──────── Given entries

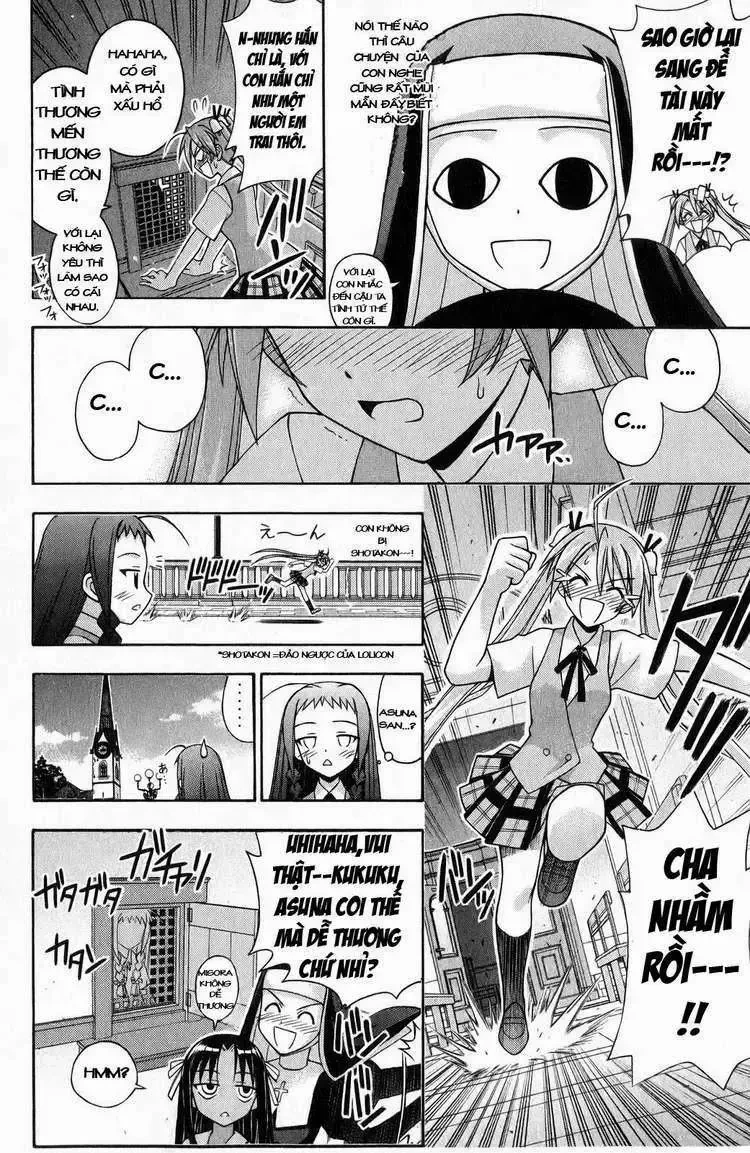 Mahou Sensei Negima! Chapter 164 - 16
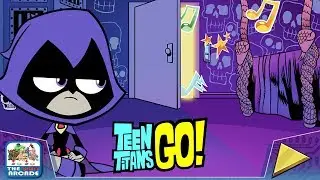 Teen Titans Go: Party Titans - Help Raven Achieve Zen (Cartoon Network Games)
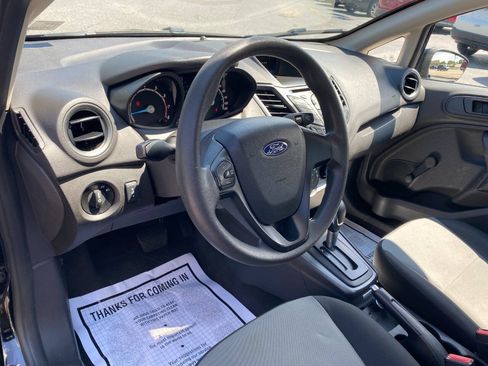 Used 2019 Ford Fiesta S FWD image 8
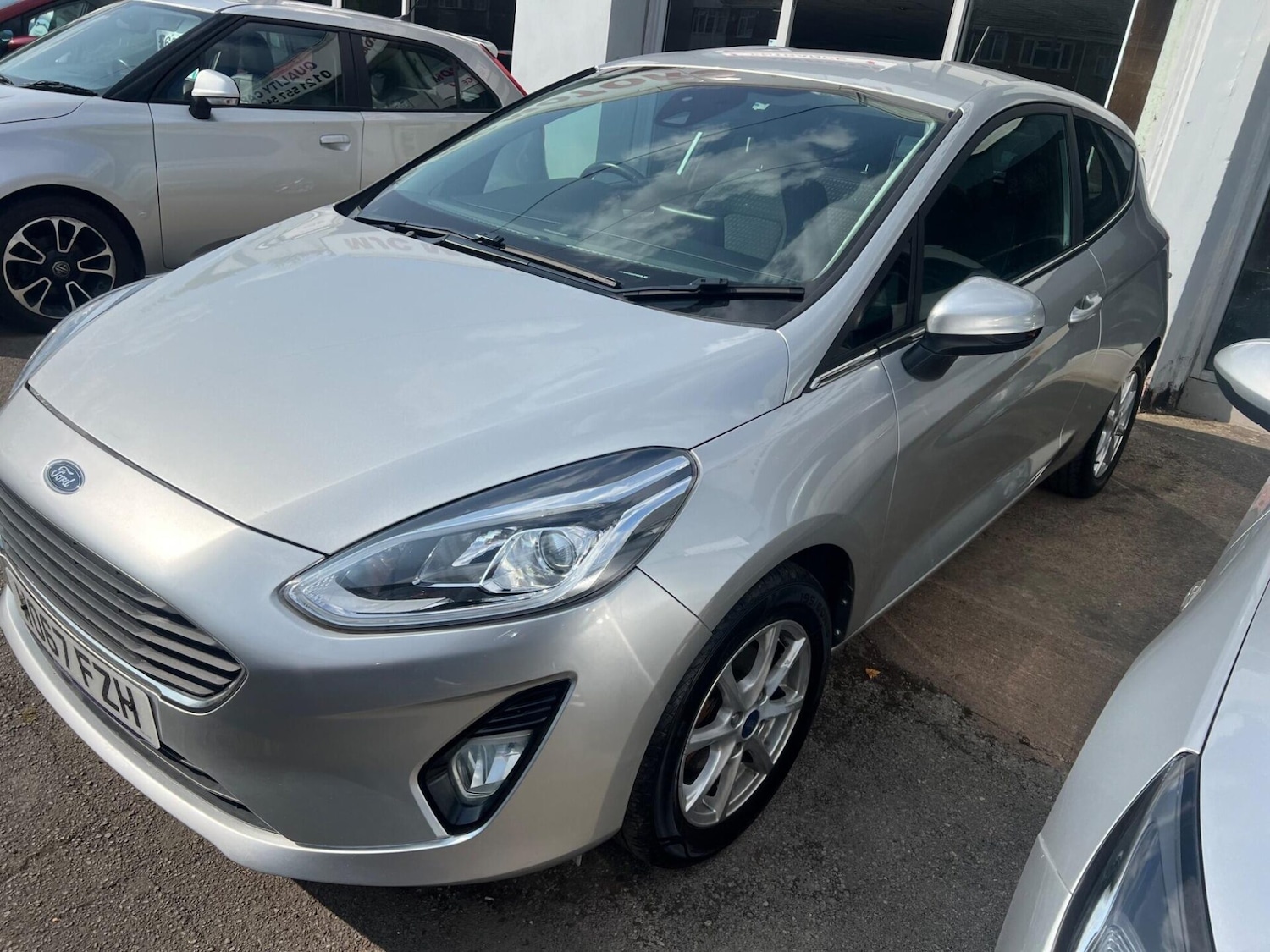 Used Ford Fiesta 2018 for sale - 77640811: Photo 7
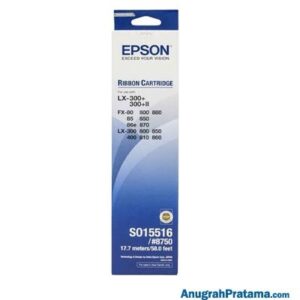EPSON S015516 #8750 Ribbon Cartridge [C13S015516]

────────────────

Work instruction: Where pictures occur in the material above, omit them and return everything else exactly.

Answer:
 Mahou Sensei Negima! Chapter 164 - 16
 Teen Titans Go: Party Titans - Help Raven Achieve Zen (Cartoon Network Games)
 Used 2019 Ford Fiesta S FWD image 8
 Used Ford Fiesta 2018 for sale - 77640811: Photo 7
EPSON S015516 #8750 Ribbon Cartridge [C13S015516]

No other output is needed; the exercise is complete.